More than a Score: Neoliberalism, Testing & Teacher Evaluations
UNESCO's Education for All initiative, whatever its architects may have intended, has coincided with an acceleration of the neoliberal agenda to restructure public education along market lines. In the advanced countries, this has provided the corporate-driven education reform groups a political framework to advocate expansive and stringent teacher evaluation schemes at the K-12 level. A recent OECD document, "Teachers for the 21st Century: Using evaluation to improve teaching," states: "highly visible teacher appraisal...provides opportunities to incentivize, recognize and reward teaching competence and high performance."
In the U.S., the No Child Left Behind and Race to the Top reforms have linked performance to both school improvement and teacher evaluation with the aim of rationalizing and restructuring the role of educators. The intent is to replace traditional collaboration and collegiality with market-style competition with incentives and punishments based on both data-driven quantitative results and qualitative assessment of teacher performance.

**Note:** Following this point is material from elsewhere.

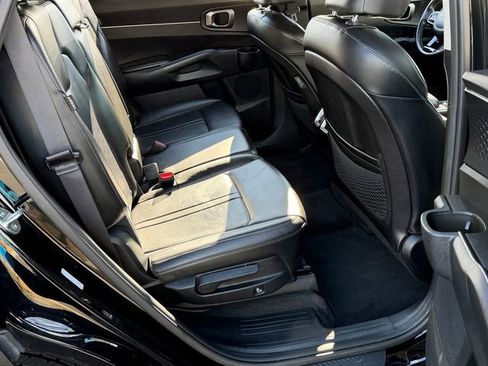 Used 2024 Kia Sorento S image 25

The imposition of such evaluation methods has disrupted relationships between local school administration and the teaching staff as well as opened rifts within the teaching ranks and sparked resistance from parents and students. A case in point is the new teacher evaluation system imposed by New York State Education Law 3012c. In New York City, conflicts between the United Federation of Teachers and the Department of Education ultimately led to an evaluation system imposed via binding arbitration by State Education Commissioner John King. This paper will examine the New York City teacher evaluation model to provide a case study of the destructive impact of corporate education reform at the school level. As the New York City model is in its first year, this case study can expand our understanding of the impact of teacher evaluation systems on public education in a large urban setting. It will focus on the way in which race and class inequities are perpetuated through the new evaluation system and the disproportionate impact it has on schools that serve emergent bilinguals, students with special needs, as well as economically disadvantaged students. Lastly, this paper will look at examples of resistance and the potential of the nascent opt-out movement in New York City as well as in Chicago and Seattle to pose a challenge to neoliberal education reform.